Use Home Depot’s shiplap appearance boards for your fireplace makeover like DIY blogger Amanda Hendrix from Love and Renovations.
A Fireplace Makeover Using Shiplap
I recently used The Home Depot’s shiplap appearance boards to give my fireplace a major makeover. I was pretty blown away at how simple it was to install (I’d consider myself a beginner when it comes to power tools, but I did the entire makeover by myself!) and the fireplace makeover is absolutely incredible. I’m so glad we got this done just in time for the weather to cool off a bit, and I can’t wait to light the first fire of the season!
- Shiplap appearance boards (measure your wall(s) ahead of time to know how much to order)
- Corner trim
- Stud finder
- 2-in. 18 gauge nails
- Caulk gun
Step 1: Tile
For us, the first thing we that needed to happen was replacing the tile on the fireplace surround. Here’s a quick before of what our fireplace looked like when we were getting started (and yes, the tile on the bottom right had been missing for at least three years).
After demoing the tile, much of the drywall behind it was destroyed. I cut new drywall to fit, screwed it into place, and did a quick taping and mudding job.

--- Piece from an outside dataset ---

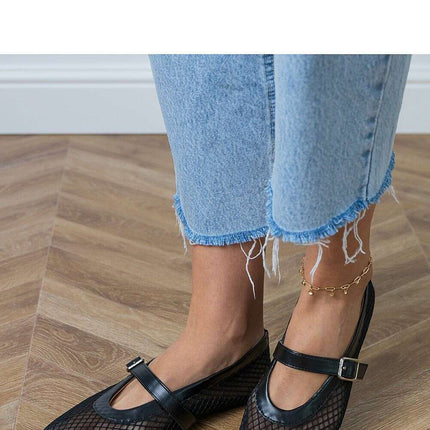 Ballet flats model 214594 - Très Elite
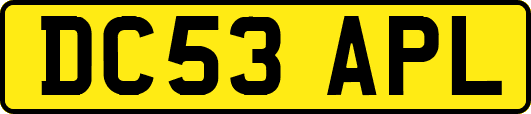 DC53APL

It was really simple to replace, and only took about an hour or so.
Then it was time to tile. I won’t go into all of the specific details for this (that’s a whole separate post!) but the basics are: apply thinset, add tile, let it dry, then grout. When we were finished tiling, it looked like this (although, I hadn’t grouted yet when this photo was taken):
Step 2: Mark Your Studs
Once the tile was done, it was time for the fun part – shiplap! These shiplap appearance boards from Home Depot were so easy to use, and look much more authentic than DIY alternatives. The first step to installation is to mark the studs on your walls so you know where to place your nails. Your boards will be much more sturdy if you nail directly into the studs rather than drywall, and things will hold up much better in the long run. Use a stud finder to locate each stud, then use a pen or marker to draw a line down your wall where the studs are.
Step 3: Getting Started
You’ll want to begin laying your shiplap along the top of the wall, and use a level to make sure that first board is straight. It’s highly likely that your ceiling is not level, so don’t trust the ceiling line or your entire wall may be crooked. Simply hold the first board up, use a level to make sure it’s straight, and nail it into place. The next board will fit right up against the first one – these boards are tongue and groove and, once you install them, they’ll have a perfect gap between them. The beauty of something like this over a DIY shiplap is that you don’t have to paint the wall behind it – since the tongue of the bottom board will fill the gap, all you can see is the boards and the wall is not visible at all once you’re done.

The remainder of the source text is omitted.